== PROBLEM DETAILS ==
The answer should be an exact copy of the data.

== ENTRIES PROVIDED ==
· · · · · · ·
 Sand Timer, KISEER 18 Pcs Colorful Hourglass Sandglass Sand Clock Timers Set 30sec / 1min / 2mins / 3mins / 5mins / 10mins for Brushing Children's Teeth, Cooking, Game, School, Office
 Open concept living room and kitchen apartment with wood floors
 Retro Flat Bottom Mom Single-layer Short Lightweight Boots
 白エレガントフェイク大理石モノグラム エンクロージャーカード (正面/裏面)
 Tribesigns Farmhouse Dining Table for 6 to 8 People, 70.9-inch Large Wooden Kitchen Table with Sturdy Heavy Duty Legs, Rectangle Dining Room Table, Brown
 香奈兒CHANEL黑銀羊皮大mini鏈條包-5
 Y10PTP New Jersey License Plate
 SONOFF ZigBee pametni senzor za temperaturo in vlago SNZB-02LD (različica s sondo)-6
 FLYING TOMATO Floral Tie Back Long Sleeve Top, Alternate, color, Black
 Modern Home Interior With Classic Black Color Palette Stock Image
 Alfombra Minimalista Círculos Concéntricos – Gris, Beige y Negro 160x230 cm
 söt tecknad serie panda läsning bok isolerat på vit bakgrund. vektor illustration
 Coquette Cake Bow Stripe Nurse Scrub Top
· · · · · · ·
== EXERCISE SOLUTION ==
 Sand Timer, KISEER 18 Pcs Colorful Hourglass Sandglass Sand Clock Timers Set 30sec / 1min / 2mins / 3mins / 5mins / 10mins for Brushing Children's Teeth, Cooking, Game, School, Office
 Open concept living room and kitchen apartment with wood floors
 Retro Flat Bottom Mom Single-layer Short Lightweight Boots
 白エレガントフェイク大理石モノグラム エンクロージャーカード (正面/裏面)
 Tribesigns Farmhouse Dining Table for 6 to 8 People, 70.9-inch Large Wooden Kitchen Table with Sturdy Heavy Duty Legs, Rectangle Dining Room Table, Brown
 香奈兒CHANEL黑銀羊皮大mini鏈條包-5
 Y10PTP New Jersey License Plate
 SONOFF ZigBee pametni senzor za temperaturo in vlago SNZB-02LD (različica s sondo)-6
 FLYING TOMATO Floral Tie Back Long Sleeve Top, Alternate, color, Black
 Modern Home Interior With Classic Black Color Palette Stock Image
 Alfombra Minimalista Círculos Concéntricos – Gris, Beige y Negro 160x230 cm
 söt tecknad serie panda läsning bok isolerat på vit bakgrund. vektor illustration
 Coquette Cake Bow Stripe Nurse Scrub Top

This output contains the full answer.